Mentor(s):  Richard Armstrong, Gary Sulikowski
Research Project:  "Progress toward the Total Synthesis of Bacillithiol"

Research Abstract:  The antioxidant bacillithiol influences the fosfomycin resistance of FosA and FosB operations which form a part of RNA protein transcription1. Bacillithiol is a “low molecular weight thiol and antioxidant” that contains the gram positive bacteria formerly known as bacilli2. The synthesis of bacillithiol features a Schmidt glycosylation.

     
 

Grant Zimmerman
University of Illinois Urbana-Champaign

Mentor(s):  David Wright
Research Project: "Functionalized Gold Nanoparticles for Improved Immuno-PCR Detection of Respiratory Syncytial Virus"

Research Abstract:  Respiratory syncytial virus (RSV) is a major cause of hospitalization in American infants.
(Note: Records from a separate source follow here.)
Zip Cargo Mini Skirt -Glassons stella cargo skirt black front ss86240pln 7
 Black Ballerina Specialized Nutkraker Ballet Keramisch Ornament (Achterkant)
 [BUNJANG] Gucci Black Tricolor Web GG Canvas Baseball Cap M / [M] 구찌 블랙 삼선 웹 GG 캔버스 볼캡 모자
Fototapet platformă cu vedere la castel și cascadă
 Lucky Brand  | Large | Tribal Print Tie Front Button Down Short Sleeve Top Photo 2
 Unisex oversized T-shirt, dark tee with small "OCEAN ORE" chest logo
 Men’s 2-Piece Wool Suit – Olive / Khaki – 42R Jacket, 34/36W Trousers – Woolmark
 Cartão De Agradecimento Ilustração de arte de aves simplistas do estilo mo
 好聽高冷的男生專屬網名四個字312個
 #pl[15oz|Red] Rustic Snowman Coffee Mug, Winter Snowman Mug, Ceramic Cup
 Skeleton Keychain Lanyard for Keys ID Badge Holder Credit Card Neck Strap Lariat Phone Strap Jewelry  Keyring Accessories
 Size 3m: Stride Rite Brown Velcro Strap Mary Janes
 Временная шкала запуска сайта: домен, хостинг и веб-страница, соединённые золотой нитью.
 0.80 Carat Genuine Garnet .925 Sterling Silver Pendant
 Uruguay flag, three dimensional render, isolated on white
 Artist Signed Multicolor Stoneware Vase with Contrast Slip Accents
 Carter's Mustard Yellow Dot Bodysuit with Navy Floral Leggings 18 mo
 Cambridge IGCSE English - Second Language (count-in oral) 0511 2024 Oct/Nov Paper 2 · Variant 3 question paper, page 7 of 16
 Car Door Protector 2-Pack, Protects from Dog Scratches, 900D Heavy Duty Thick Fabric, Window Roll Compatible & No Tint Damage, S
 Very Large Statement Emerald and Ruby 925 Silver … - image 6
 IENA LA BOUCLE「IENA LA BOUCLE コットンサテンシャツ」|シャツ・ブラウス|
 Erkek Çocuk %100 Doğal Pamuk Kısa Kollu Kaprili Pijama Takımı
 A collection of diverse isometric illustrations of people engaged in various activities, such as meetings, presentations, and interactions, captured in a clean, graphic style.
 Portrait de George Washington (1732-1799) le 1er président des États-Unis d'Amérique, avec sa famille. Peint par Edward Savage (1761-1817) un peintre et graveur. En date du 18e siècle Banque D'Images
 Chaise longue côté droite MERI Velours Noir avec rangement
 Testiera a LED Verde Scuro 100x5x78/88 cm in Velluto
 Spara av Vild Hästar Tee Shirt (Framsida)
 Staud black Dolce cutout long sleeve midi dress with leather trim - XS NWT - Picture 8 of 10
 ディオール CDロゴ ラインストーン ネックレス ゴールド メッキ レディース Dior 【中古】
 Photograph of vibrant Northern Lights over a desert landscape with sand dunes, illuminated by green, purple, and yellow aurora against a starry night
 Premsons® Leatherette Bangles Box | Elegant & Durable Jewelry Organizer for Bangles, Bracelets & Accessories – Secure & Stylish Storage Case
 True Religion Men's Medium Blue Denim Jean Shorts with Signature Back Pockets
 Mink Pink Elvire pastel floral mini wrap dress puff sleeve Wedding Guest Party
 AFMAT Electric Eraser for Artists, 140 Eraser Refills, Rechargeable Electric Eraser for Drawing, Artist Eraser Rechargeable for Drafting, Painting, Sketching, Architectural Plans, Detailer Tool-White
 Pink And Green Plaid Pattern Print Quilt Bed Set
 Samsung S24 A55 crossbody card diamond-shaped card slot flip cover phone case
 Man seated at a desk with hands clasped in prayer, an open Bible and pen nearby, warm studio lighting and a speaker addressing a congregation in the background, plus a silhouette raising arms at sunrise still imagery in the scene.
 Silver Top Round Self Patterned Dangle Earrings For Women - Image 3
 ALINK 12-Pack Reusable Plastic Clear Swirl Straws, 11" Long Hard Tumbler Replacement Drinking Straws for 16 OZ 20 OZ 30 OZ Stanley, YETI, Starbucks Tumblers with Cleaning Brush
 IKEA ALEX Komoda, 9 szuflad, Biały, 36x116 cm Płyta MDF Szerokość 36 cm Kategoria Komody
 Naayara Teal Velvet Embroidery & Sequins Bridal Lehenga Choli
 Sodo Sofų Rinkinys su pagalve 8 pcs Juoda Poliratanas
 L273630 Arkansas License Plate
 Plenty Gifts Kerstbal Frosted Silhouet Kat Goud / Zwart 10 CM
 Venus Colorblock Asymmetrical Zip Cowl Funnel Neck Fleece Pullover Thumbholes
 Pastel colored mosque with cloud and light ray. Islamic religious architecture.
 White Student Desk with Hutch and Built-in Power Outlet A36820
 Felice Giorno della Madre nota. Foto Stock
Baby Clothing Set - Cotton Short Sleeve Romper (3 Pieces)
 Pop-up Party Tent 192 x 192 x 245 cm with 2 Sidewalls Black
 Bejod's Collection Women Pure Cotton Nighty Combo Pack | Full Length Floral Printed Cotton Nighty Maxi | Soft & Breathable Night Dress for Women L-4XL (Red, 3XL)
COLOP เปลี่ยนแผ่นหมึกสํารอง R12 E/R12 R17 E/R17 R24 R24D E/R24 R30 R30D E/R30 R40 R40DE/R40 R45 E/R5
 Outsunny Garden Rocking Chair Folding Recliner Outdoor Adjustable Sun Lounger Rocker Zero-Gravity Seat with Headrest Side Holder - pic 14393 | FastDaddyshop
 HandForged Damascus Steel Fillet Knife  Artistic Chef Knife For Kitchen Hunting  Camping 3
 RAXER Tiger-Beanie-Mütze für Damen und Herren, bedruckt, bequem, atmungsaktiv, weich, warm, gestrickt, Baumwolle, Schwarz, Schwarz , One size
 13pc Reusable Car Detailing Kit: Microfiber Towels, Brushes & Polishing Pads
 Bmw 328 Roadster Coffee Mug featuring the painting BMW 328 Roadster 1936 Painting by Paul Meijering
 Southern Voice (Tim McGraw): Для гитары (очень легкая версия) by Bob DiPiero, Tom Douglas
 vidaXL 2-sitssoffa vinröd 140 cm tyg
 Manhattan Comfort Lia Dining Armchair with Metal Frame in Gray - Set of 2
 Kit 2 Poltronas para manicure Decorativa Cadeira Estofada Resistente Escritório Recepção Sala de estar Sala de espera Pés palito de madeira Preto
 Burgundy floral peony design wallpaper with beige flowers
Additionally, it can be fatal in immuno-compromised patients, such as the elderly. No proven vaccine has been developed, and treatment with antivirals would be greatly improved if better methods of virus detection were available. Immuno-polymerase chain reaction (I-PCR) is a tremendously sensitive technique for detecting viral proteins or other antigens in solution. By utilizing the specificity provided by monoclonal antibodies combined with the signal amplification of PCR, proteins can be detected from human serum down to the low picogram per milliliter (Adler, M et alAnalyst. 2008: 133, 702-18.) In the Wright group the I-PCR method has been implemented for RSV detection, utilizing gold nanoparticles as both an antibody and DNA carrier. Magnetic particles were conjugated to specific antibodies complementary to an RSV-antigen to facilitate washing and extraction of the virions from solution. By creating a “sandwich” of the virus between the antibodies conjugated to magnetic particles and gold nanoparticles, unbound solution elements could be washed away, allowing for a quantification of virus present based on the remaining DNA-tagged gold nanoparticles. In addition, gold nanoparticle functionalization was verified using a quartz crystal microbalance.